At this point the choirs and soloists strike in unaccompanied with the opening stanza of the Te Deum, followed immediately by a fanfare for the enlarged orchestra for Part Two (which is supposed to be about 150-strong, besides the extra 40 or so players comprising the four extra brass orchestras). The eclecticism of Brian's music here borrows references as diverse as mediaeval fauxbourdon, Renaissance multiple polyphony on the scale of Tallis's Spem in alium all the way through to twentieth century tone clusters, polytonality and the use of percussion and brass in a Varèse-like outburst of extreme dissonance. The text is treated episodically with sections for full orchestra and choir frequently alternating with unaccompanied passages for the choir alone. The fourth movement moves away from tonalities centered around D and establishes E as a new tonal centre, which is strenuously challenged in the following movements. The start of the fifth movement involves only the choirs in a fearsomely chromatic un-accompanied polyphonic passage, after which the soprano soloist gently sings a wordless vocalise "like an indefinite intonation". A fanfare for eight trumpets and a lengthy orchestral passage then introduces each of the four separate brass orchestras paired with one of the four corresponding choirs. A second orchestral development then culminates in a huge climax for the full forces. Thereafter the sixth and final movement continues with even more contrasted and episodic treatment of the text as the music seems to struggle to reach a conclusion. At the final words "non confundar in aeternum" the music violently flares up with two dissonant outbursts answered by the choirs, followed by a despairing orchestral coda, but the work is finally clinched with a murmuring from the choir, which finally confirms the tonality of E major.

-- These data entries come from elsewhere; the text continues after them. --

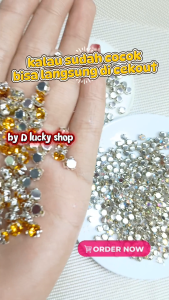 Diamond Pemata Jahit Cangkang 3D Grade A Payet Ss 20 Per 20 Butir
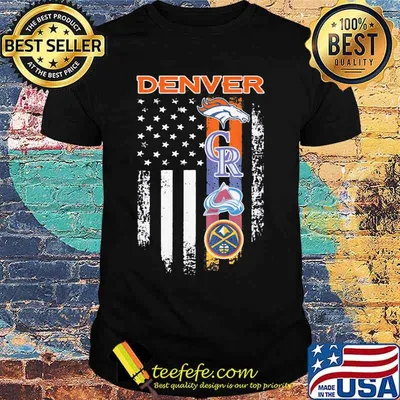 Denver logo american flag independence day shirt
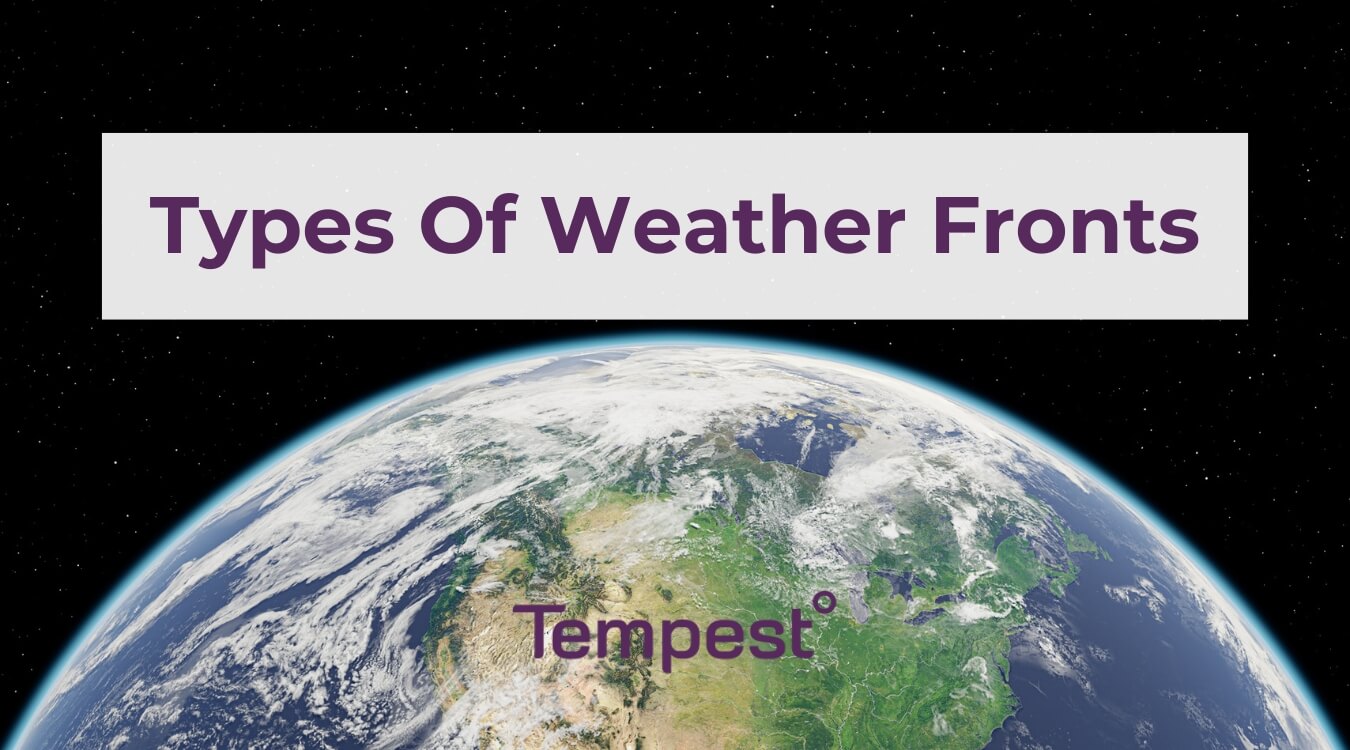 planet earth with cold and warm fronts expanding over North America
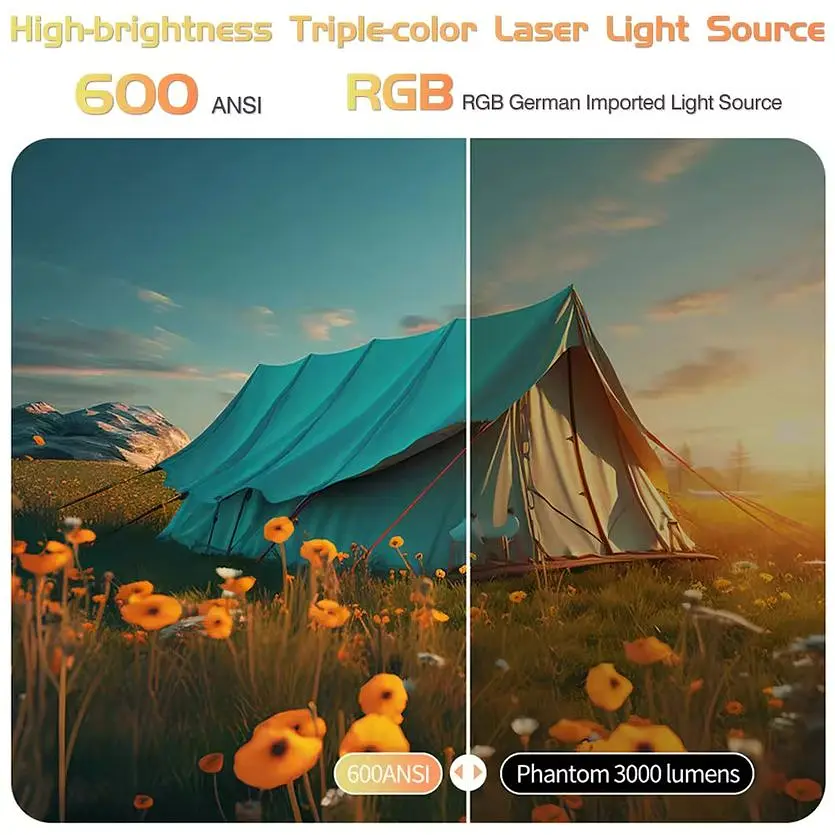 Портативный проектор Full HD TouYinger G5 с аккумулятором 15000 mAh XPRO (G5 (battery)_22399) - фото 13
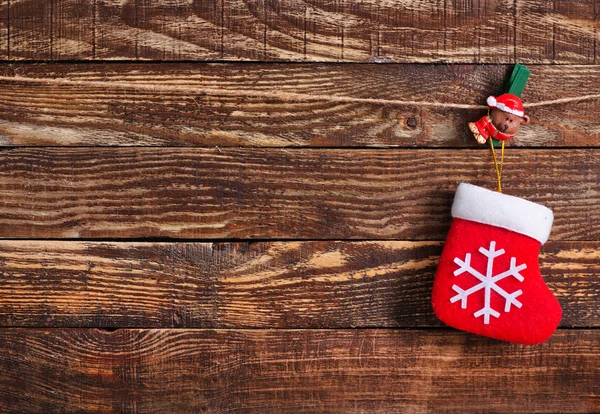 Calcetín rojo de Navidad —  Fotos de Stock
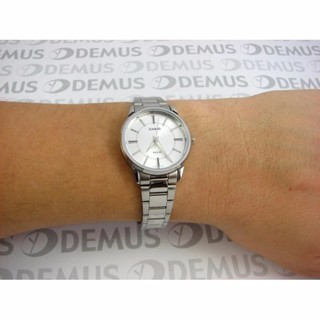 Đồng hồ nữ dây thép không gỉ Casio LTP-1303D- 7AVDF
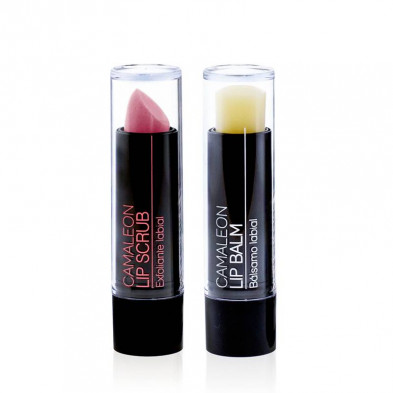 Exfoliante Labial Lip Scrub Nº1 Fresa + Bálsamo - Camaleón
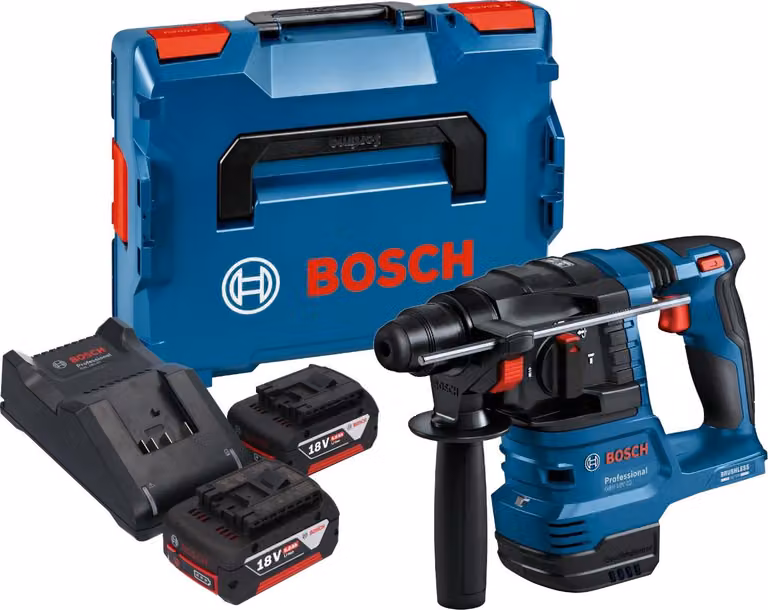 Bosch GBH 18V-22 Professional trapano a percussione a batteria 18 V 1,9 J SDS Plus Brushless + 2x batteria 5,0 Ah + caricabatteria + L-Boxx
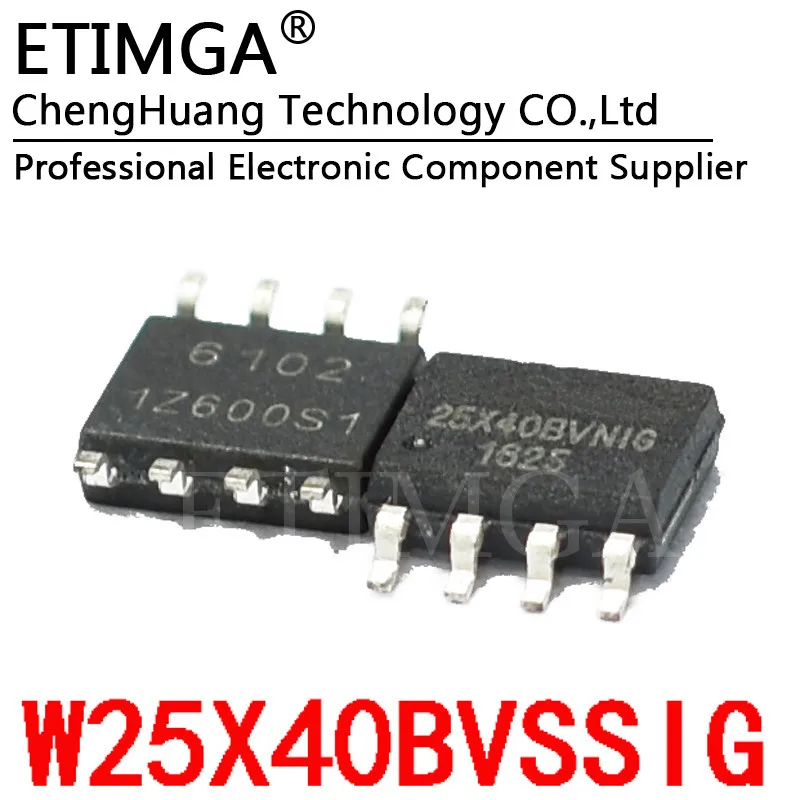 5PCS/LOT W25X40BVSSIG 25X40BVSIG 5.2MM SOP-8 Memory chip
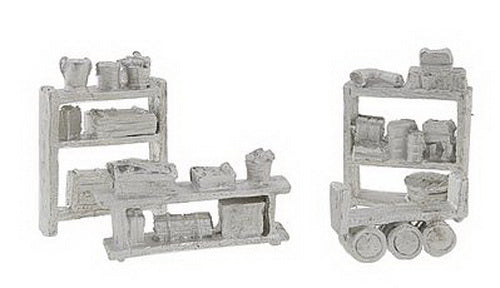 Bar Mills 0208 HO Assorted Shelving & Storage Unpainted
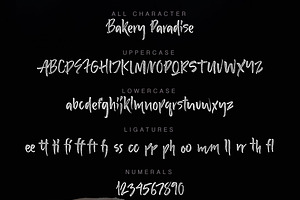 Bakery Paradise Handwritten Font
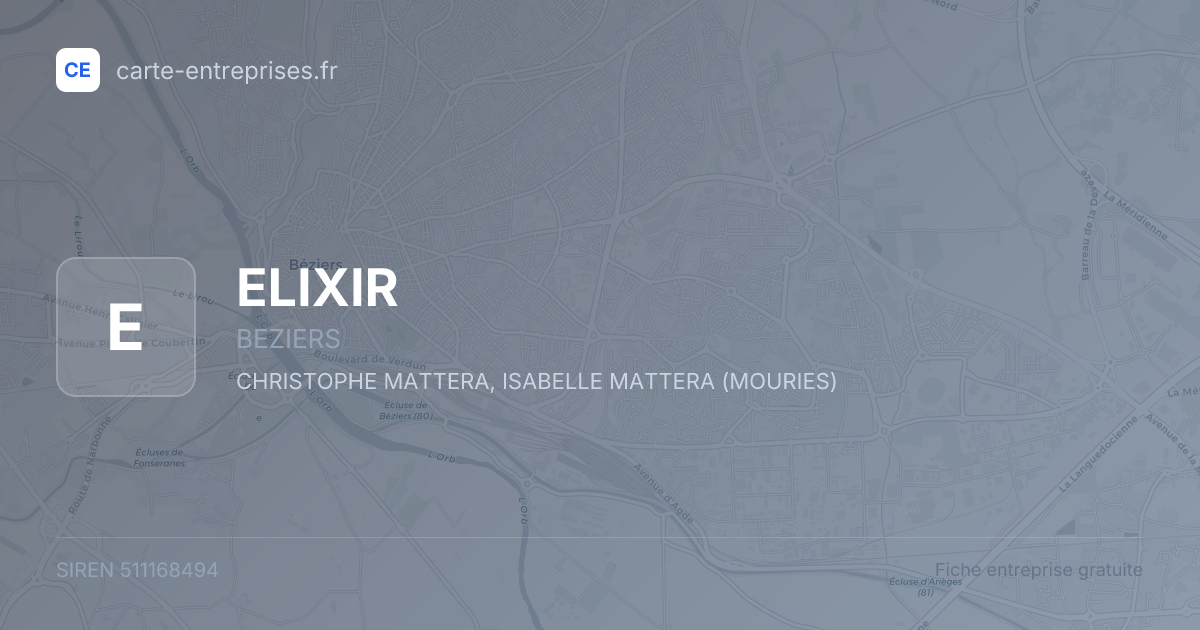 ELIXIR — 511168494 — fiche entreprise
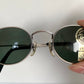 Ray Ban B&L USA vintage sunglasses - W1283 Antique Collection silver oval frame NOS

Attempts to perform the symphony have frequently met with failure, beginning with the efforts of Hamilton Harty and Eugene Goossens in the depression-affected 1930s and enduring to the current day, usually owing to the extreme logistics of the work. The work was eventually premiered in 1961, and has been followed by a mere handful of performances, often by partly or wholly amateur forces; the 1978 performance for example was an ad hoc amateur orchestra specially assembled for the occasion, in Brian's home county of Staffordshire. The first professional performance in 1966 was enthusiastically received by the audience in the Royal Albert Hall when the composer himself, aged 90, was in attendance to take a bow at the work's conclusion; this performance was also broadcast live by the BBC.
The alto Shirley Minty sang in the 1966 and 1980 performances, and appears to be the only person who has played a prominent role in more than one performance of the work.